* _Aim of the exercise_: Please write out only the lines from the one containing "Frau, die während" through the last line of the listing. Do not include pictures.

· · · · ·

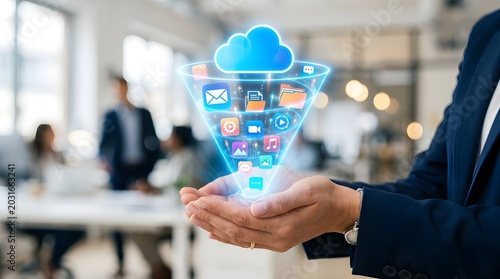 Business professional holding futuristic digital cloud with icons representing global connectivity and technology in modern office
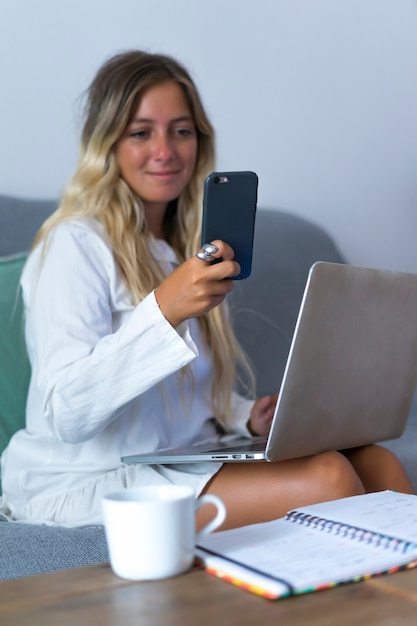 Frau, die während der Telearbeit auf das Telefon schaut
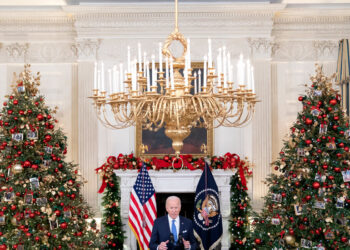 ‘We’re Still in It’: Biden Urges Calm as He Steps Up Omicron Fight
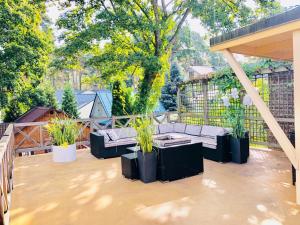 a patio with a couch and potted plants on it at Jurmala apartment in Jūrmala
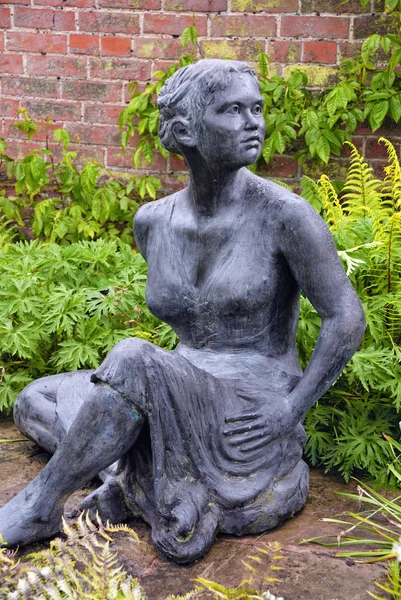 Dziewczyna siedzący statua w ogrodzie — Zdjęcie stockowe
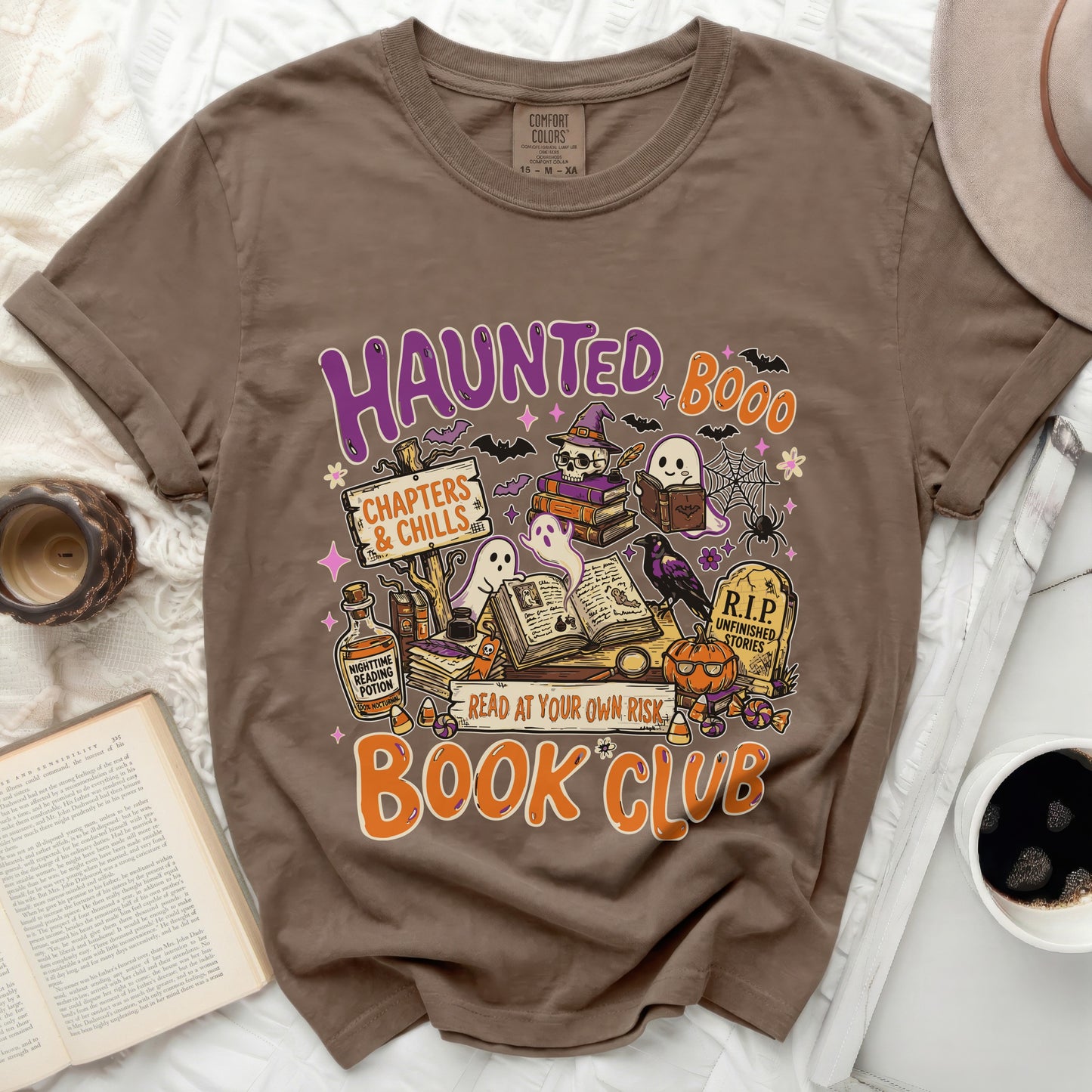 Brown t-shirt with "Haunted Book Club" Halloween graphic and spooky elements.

· · · · ·

* _Output of the task_:
 Frau, die während der Telearbeit auf das Telefon schaut
 ‘We’re Still in It’: Biden Urges Calm as He Steps Up Omicron Fight
 a patio with a couch and potted plants on it at Jurmala apartment in Jūrmala
 Dziewczyna siedzący statua w ogrodzie — Zdjęcie stockowe
 Brown t-shirt with "Haunted Book Club" Halloween graphic and spooky elements.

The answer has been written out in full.